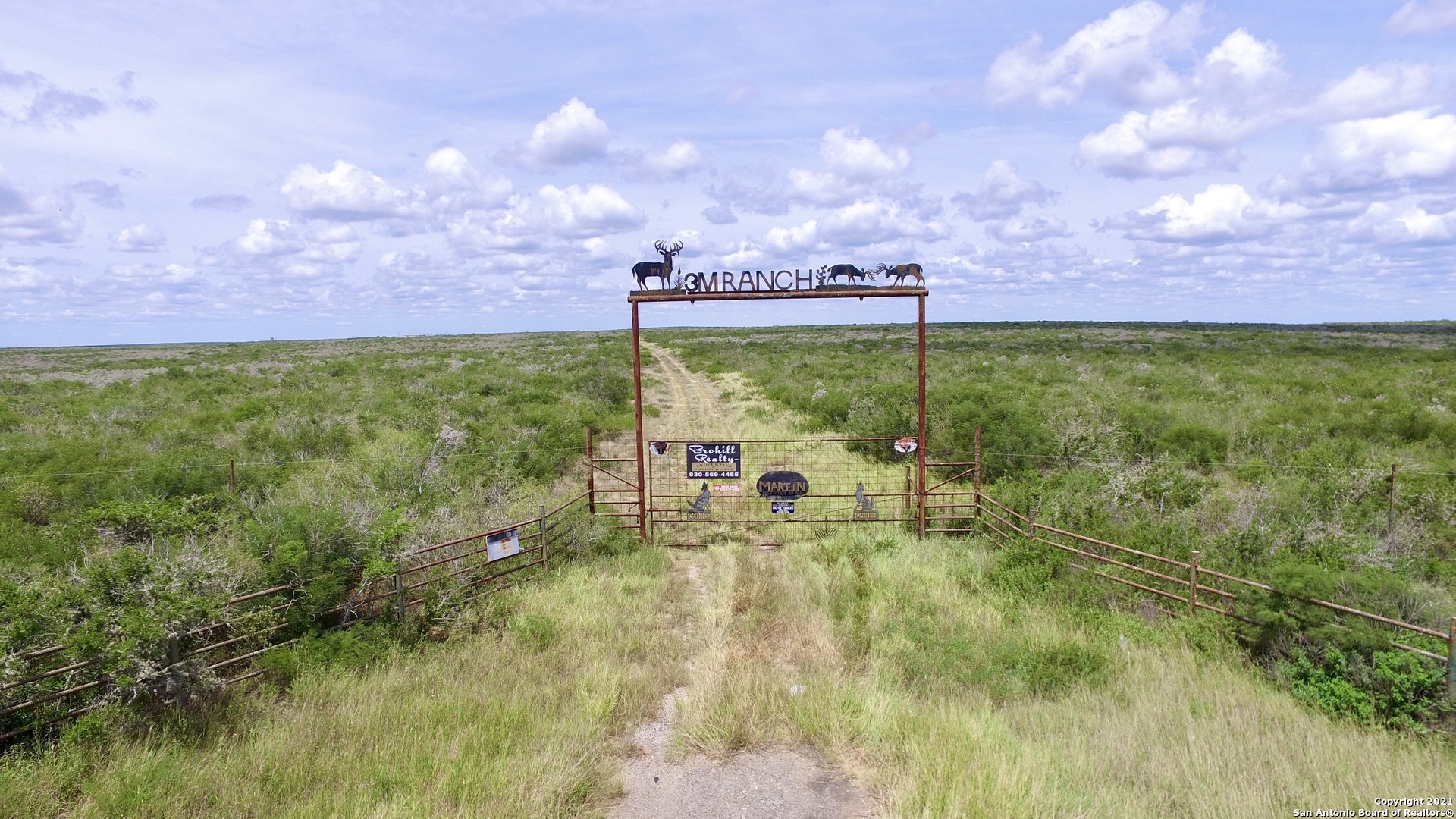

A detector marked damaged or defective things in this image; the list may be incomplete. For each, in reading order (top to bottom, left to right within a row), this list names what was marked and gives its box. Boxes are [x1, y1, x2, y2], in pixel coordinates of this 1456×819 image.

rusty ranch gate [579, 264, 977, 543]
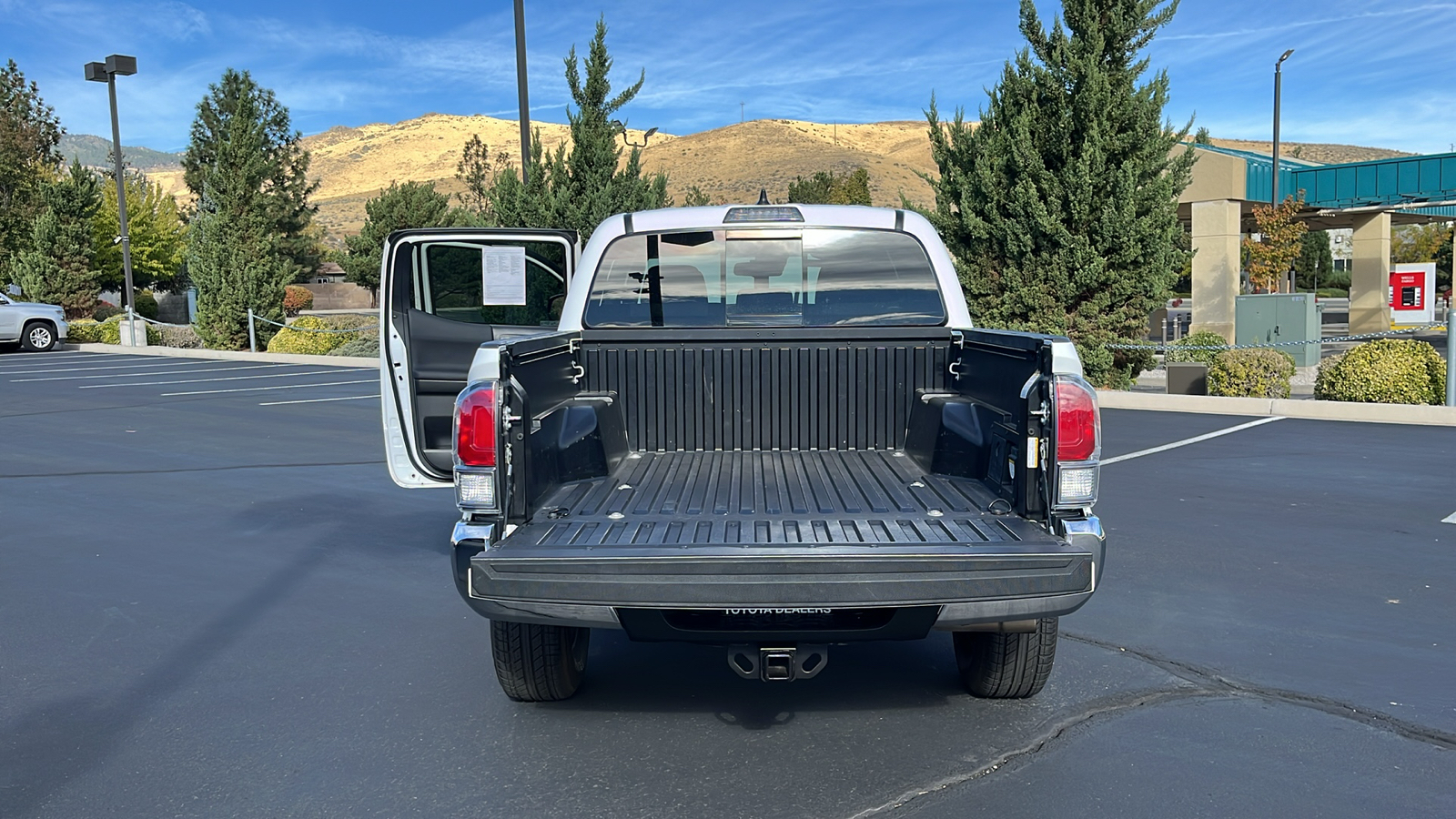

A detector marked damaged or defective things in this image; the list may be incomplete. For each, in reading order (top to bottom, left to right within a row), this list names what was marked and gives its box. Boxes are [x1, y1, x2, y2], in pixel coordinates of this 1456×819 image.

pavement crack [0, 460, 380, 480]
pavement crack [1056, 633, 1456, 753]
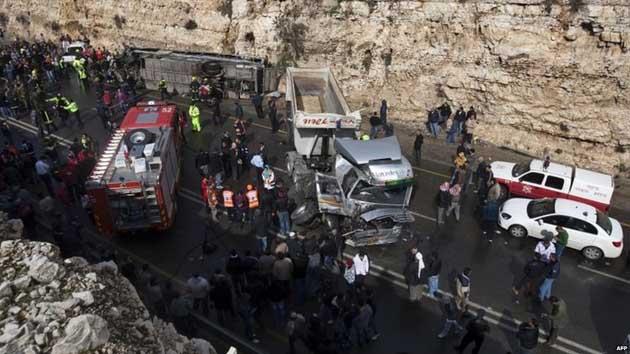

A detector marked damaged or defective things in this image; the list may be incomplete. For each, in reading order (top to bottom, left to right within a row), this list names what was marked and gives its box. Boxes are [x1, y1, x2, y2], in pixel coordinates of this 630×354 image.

→ **TASK DIRECTIONS**
What is needed here is each line above set down word for word, minus the images.

→ **RESPONSE**
A detector marked damaged or defective things in this image; the list may be incomplete. For each, in reading order (top to bottom, left to right within a row), this list names what was marked and gives its box. Boxes are [x1, y1, x2, y2], in pixel coordinates of this 1456×819 image.

rusty ranch gate [579, 264, 977, 543]

A detector marked damaged or defective things in this image; the list may be incomplete. For each, in reading order (top to bottom, left to right within a row), this list names what was marked and gives its box. Boxes are [x1, y1, x2, y2], in pixel coordinates of this 1456×819 image.

pavement crack [0, 460, 380, 480]
pavement crack [1056, 633, 1456, 753]

A detector marked damaged or defective things in this image; the list may be incomplete. For each, in reading order (top to bottom, left to right within a row), this list names what was marked and gives its box. Boxes are [x1, y1, x2, y2], in pixel coordinates of this 630×354 image.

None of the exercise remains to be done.